RECORDS START
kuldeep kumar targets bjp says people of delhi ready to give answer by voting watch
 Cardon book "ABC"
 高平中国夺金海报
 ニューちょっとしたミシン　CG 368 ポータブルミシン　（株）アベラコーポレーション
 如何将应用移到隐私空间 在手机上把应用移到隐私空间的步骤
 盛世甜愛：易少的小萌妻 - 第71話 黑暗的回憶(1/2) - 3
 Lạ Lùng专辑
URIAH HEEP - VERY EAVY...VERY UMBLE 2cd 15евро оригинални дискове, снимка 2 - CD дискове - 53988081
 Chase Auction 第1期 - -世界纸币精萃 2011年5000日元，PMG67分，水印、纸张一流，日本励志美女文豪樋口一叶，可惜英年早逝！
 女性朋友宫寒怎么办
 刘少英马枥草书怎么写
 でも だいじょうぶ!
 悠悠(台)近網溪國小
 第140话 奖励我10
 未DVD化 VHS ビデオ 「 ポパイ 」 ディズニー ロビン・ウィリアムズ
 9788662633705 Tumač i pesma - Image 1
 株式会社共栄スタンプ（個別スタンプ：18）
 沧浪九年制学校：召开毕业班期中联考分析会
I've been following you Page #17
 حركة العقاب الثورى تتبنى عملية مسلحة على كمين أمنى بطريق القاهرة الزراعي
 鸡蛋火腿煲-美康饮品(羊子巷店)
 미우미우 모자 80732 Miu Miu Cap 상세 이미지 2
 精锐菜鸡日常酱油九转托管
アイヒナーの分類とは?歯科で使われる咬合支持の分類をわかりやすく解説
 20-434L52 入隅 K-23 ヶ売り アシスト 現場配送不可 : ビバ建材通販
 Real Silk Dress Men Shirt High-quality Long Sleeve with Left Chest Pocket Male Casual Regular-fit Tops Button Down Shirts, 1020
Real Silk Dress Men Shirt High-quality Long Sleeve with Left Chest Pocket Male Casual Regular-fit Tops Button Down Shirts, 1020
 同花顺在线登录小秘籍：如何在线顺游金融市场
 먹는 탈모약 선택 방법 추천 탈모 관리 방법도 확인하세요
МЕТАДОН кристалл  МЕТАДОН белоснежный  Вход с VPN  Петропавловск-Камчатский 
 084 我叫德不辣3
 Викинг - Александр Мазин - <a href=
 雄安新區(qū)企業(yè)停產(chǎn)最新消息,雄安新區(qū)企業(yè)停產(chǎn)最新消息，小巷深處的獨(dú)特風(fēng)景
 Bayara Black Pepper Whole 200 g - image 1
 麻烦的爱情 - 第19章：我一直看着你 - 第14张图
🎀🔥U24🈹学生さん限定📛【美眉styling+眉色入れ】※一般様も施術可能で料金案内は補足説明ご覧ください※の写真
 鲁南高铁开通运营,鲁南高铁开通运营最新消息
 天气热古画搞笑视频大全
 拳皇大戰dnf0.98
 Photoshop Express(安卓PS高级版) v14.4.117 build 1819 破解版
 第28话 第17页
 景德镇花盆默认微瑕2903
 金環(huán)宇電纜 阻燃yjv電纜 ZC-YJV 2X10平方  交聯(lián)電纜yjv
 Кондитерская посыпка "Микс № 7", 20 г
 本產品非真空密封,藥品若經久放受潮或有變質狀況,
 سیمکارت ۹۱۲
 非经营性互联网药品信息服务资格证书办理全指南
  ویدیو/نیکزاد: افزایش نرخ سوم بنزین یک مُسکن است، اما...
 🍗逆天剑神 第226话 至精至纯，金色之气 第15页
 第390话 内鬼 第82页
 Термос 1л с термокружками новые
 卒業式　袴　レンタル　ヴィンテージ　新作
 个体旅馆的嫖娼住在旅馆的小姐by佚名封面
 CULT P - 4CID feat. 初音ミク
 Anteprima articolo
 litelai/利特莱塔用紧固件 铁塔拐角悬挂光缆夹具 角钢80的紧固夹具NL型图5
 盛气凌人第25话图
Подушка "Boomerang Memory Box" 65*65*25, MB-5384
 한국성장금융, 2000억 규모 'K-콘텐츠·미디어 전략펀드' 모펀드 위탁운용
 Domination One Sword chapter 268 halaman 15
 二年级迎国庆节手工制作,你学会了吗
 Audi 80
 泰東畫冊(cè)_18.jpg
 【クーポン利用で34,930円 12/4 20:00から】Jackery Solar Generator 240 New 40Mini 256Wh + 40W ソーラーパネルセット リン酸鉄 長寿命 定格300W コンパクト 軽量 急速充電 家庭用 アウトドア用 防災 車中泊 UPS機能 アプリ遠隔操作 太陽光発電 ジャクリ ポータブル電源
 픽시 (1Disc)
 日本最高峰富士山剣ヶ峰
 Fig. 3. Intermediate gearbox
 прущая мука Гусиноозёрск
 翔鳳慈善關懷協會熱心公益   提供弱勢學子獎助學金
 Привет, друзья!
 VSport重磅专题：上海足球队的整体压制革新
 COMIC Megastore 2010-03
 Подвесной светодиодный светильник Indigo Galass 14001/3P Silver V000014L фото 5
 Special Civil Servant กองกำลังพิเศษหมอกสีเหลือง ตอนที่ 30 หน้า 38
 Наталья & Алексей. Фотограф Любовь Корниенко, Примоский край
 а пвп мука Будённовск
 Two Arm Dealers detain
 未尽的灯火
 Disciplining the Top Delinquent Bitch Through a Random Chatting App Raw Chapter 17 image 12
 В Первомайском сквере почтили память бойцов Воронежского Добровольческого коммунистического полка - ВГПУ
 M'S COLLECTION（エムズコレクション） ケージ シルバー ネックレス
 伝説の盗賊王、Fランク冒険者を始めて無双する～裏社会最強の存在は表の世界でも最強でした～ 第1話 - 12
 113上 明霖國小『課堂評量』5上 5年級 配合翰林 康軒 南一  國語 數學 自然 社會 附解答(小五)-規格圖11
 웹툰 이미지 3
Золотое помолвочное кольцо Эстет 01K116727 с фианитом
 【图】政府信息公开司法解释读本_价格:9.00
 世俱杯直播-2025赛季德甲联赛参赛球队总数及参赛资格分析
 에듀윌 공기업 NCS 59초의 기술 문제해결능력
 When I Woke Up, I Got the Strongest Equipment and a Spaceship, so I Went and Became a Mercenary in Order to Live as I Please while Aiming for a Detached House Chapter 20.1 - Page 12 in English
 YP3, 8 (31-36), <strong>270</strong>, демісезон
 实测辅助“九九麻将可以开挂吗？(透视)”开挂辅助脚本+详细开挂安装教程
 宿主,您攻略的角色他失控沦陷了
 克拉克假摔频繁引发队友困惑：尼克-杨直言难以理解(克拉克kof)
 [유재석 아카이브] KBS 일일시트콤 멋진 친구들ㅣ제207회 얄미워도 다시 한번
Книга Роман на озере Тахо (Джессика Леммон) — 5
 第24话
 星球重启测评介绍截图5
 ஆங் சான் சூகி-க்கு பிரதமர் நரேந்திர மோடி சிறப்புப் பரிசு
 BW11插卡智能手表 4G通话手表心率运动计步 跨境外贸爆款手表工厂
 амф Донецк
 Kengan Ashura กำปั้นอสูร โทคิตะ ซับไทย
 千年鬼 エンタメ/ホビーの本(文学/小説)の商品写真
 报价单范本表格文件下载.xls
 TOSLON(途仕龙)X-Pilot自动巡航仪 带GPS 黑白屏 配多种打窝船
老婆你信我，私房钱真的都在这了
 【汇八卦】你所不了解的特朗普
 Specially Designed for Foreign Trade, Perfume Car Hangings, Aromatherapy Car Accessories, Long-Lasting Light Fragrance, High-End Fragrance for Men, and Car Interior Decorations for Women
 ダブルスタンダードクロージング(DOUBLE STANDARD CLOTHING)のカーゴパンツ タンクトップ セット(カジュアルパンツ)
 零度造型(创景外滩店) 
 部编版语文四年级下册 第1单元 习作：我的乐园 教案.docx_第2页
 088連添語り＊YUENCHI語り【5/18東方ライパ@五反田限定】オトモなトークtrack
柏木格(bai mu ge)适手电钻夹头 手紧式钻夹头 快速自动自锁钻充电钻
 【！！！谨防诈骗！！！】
RECORDS END
TASK GOAL: Your answer should consist only of the lines above between the line holding "未DVD化 VHS ビデオ 「 ポパイ 」 ディズニー ロビン・ウィリアムズ" and the line holding "精锐菜鸡日常酱油九转托管", inclusive, each transcribed exactly.

RESULT:
 未DVD化 VHS ビデオ 「 ポパイ 」 ディズニー ロビン・ウィリアムズ
 9788662633705 Tumač i pesma - Image 1
 株式会社共栄スタンプ（個別スタンプ：18）
 沧浪九年制学校：召开毕业班期中联考分析会
I've been following you Page #17
 حركة العقاب الثورى تتبنى عملية مسلحة على كمين أمنى بطريق القاهرة الزراعي
 鸡蛋火腿煲-美康饮品(羊子巷店)
 미우미우 모자 80732 Miu Miu Cap 상세 이미지 2
 精锐菜鸡日常酱油九转托管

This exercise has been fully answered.